There's also the iRig and several other input thingys you can use. I believe Amplitube makes the iRig, which works quite well with their app (the one you see in that iPad commercial).

AmpliTube for iPad


----------



## Digikid (Jun 22, 2010)

Yes I have it from an Apple source.....imovie WILL be on the iPad 1. It may have some locked features though that will not be available until you load it on a iPad 2 though.


----------



## dlehman (Mar 7, 2011)

Digikid said:


> Umm.....you may want to read this:
> 
> Apple announces iMovie, Garageband for iPad | iLounge News


If you scroll down to the bottom of the page, it says:

"iMovie is compatible with these devices: iPhone 4, iPod touch (4th generation), iPad 2"

I think we (iPad 1 owners) are out of luck.


----------



## wonderings (Jun 10, 2003)

dlehman said:


> If you scroll down to the bottom of the page, it says:
> 
> "iMovie is compatible with these devices: iPhone 4, iPod touch (4th generation), iPad 2"
> 
> I think we (iPad 1 owners) are out of luck.


I can see wanting iMovie on the iPad 2 and iPhone because you can record video on the device and just go from there.

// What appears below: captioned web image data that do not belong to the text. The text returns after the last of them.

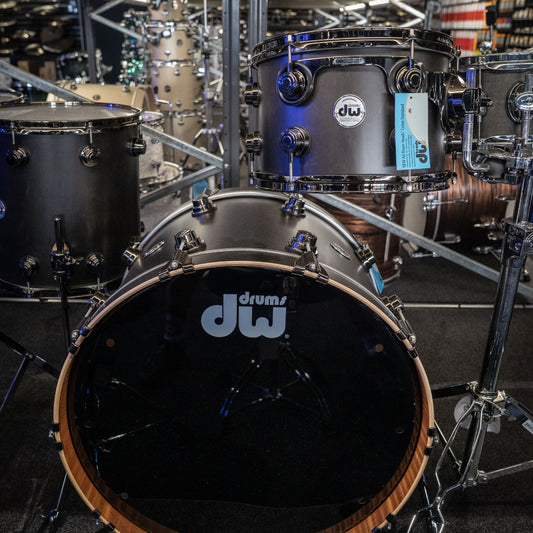 DW Collectors Maple / Mahogany 4-Piece Shell Pack  (12TT/14FT/16FT/22K) in Super Intense Ebony Satin Oil w/Black Nickel Hardware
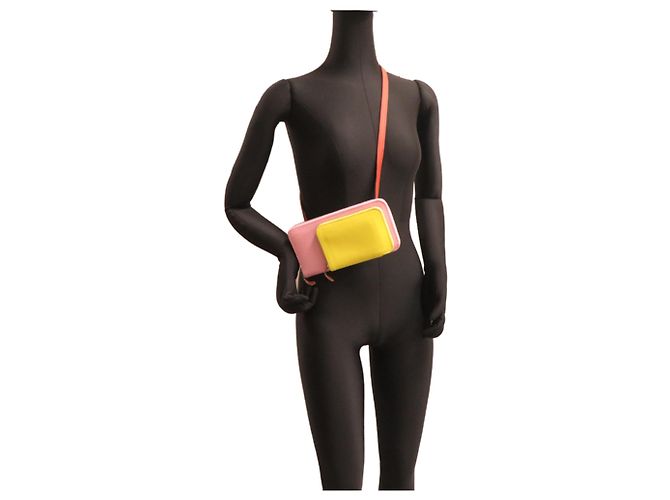 Borsa a spalla Hermès Hermès Nouveau To Go Zip B Stamp per donne Rosa D'oro Giallo - vista 9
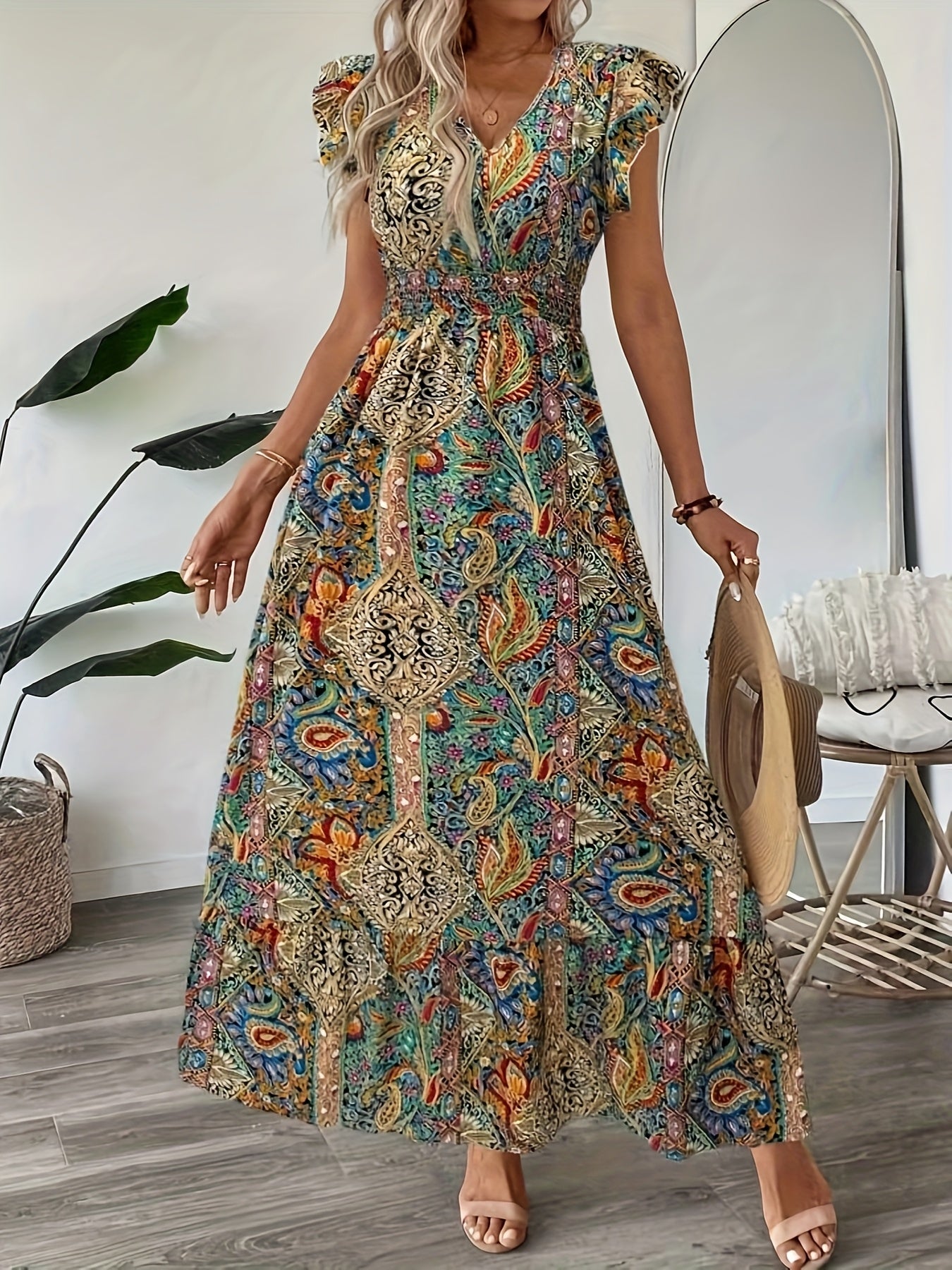 Printed V-Neck Mid-Length Dress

In order to edit video on the iPad, you need to import the video on your computer, transfer the video then to your iPad, seems a bit of a rigamarole to get the video there when you can do it on your computer in the first place.


----------



## fjnmusic (Oct 29, 2006)

wonderings said:


> I can see wanting iMovie on the iPad 2 and iPhone because you can record video on the device and just go from there. In order to edit video on the iPad, you need to import the video on your computer, transfer the video then to your iPad, seems a bit of a rigamarole to get the video there when you can do it on your computer in the first place.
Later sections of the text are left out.